What's worse than getting no likes on your post in a GroupMe? Instincts say nothing, but here are a few things, if you can believe it. We can't even.

  • Discovering your close friend is actually a sociopath
  • Discovering you might actually be a sociopath
  • Instagramming a live video of yourself sneeze dabbing and having no recollection of doing so
  • Finding out two people you recently DFMO'd with are best friends. Like, BEST friends.
  • Nursing the world's worst hangover the morning of your midterm.

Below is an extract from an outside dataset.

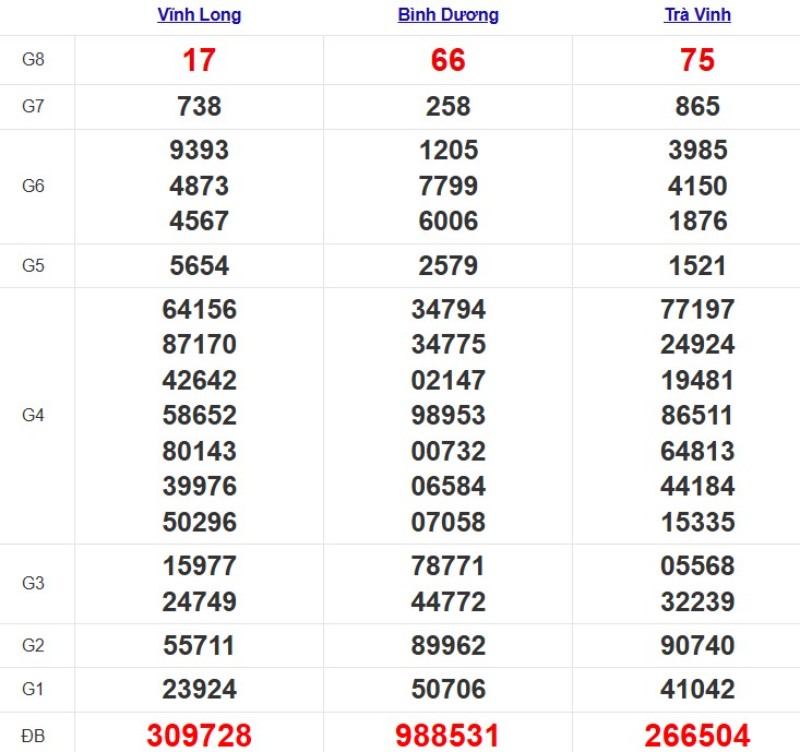 Quay thử XSMN ngày 16/11/2025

And the Spread Bagelry line is 45 minutes long
  • TA, who heard you chanting "the end is nigh" as he handed back the midterm, now requires you attend office hours
  • Having your third umbrella stolen this semester because it's a cold, cold world out there (literally)
  • Living in a mice colony because your roommate doesn't believe in putting away the leftover General Tso's she had three nights ago
  • Scalding your tongue on a warm beverage
  • The spiraling uncertainty and self–doubt that comes from read and no response
  • Accidentally Facetiming your grandma during the fling concert ("Hi, Grandma!")
  • Only GSRs left are the ones where no one can walk by and see you (368...)
  • Cosi employee shuts you down after you take your third bread sample
  • No rain on the weather forecast—so why is it torrentially downpouring on your way to class?
  • No McFlurries at McDonalds. 
  • Death

Word to the wise, before engaging in a GroupMe, make sure you can mass text all your friends demanding that they acknowledge the post within twenty seconds. It takes a village.